On Aug 10, 2009, at 6:28 PM, Mark Miller wrote:
Grant Ingersoll wrote:
On Aug 10, 2009, at 5:12 PM, Shai Erera wrote:
Maybe we should follow what I seem to read from Earwin and Grant -
come up w/ real use cases, try to implement them w/ the current
API, then if it's impossible, discuss how we can make the current
API more adaptive. If at the end of this we'll get back to the new
API, then we'll at least feel better about it, and more convinced
it is the way to go.
Well, I have real use cases for it, but all of it is still missing
the biggest piece: search side support. It's the 900 lb. elephant
in the room. The 500 lb. elephant is the fact that all these
attributes, AIUI, require you to hook in your own indexing chain,
etc. in order to even be indexed, which is all package private
stuff. It's not even clear to me what happens right now if you
were to, say have a Token Stream that, say, had only one Attribute
on it and none of the existing attributes (term buffer, length,
position, etc.) Please correct me if I am wrong, I still don't
have a deep understanding of it all.
Michael has always been up front that this new API is in preparation
for flexible indexing. It doesn't give us the goodness - he has laid
out the reasons for moving before the goodness comes more than once
I think.
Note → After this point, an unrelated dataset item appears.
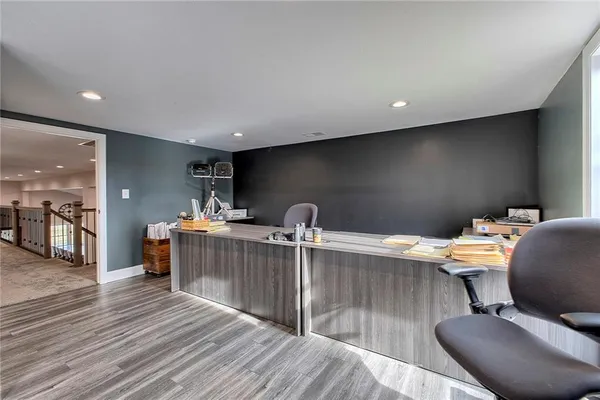 a work room with furniture and wooden floor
From my understanding, Michael looked at what Mike was
doing in one of his flexible indexing patches, wondered how some of
the TokenStream stuff was going to work well with it, and came up
with this new API as a solution. Yes - it gets us nothing now. But
its a big move, and there is no need to do everything at once - in
fact it would probably be harder to do it all at once - the rest has
always been on the table. 3.0 has always been convenient to push it
before, as deprecations can than be removed. Nothing forcing us to
make that decision now though.
Honestly, though, it really gives you very little over the current,
well functioning payloads capability other than stronger typing,
the ability to pick only those attributes that you want indexed (in
theory) and a byte (or so) of savings per any token that has a
payload, and we _HAVE_ right now, search support for payloads.
Payloads gives us nothing as developers - you can't use that
functionality without taking it from the users - payloads are for
users.
Flexible indexing will lead to all kinds of little cool things - the
likes of which have been discussed a lot in older emails. It will
likely lead to things we cannot predict as well. Everything will be
more flexible. It also could play a part in CSF, and work on
allowing custom files to plug into merging. Plus everything else
thats been mentioned (pfor, etc) I've been sold on the long term
benefits. I don't think you need these API for them, but its my
understanding it helps solve part of the equation.
A bunch of issues have come up. To my knowledge, they have been
addressed with vigor every time. If someone is unhappy with how
something has been addressed, and it needs to be addressed further,
please speak up.
Um, that's what I've been doing. Vigor is good. I very much
appreciate everyone's work. From what I can tell, most devs here are
unsure at best what to do with their existing Analyzer capabilities.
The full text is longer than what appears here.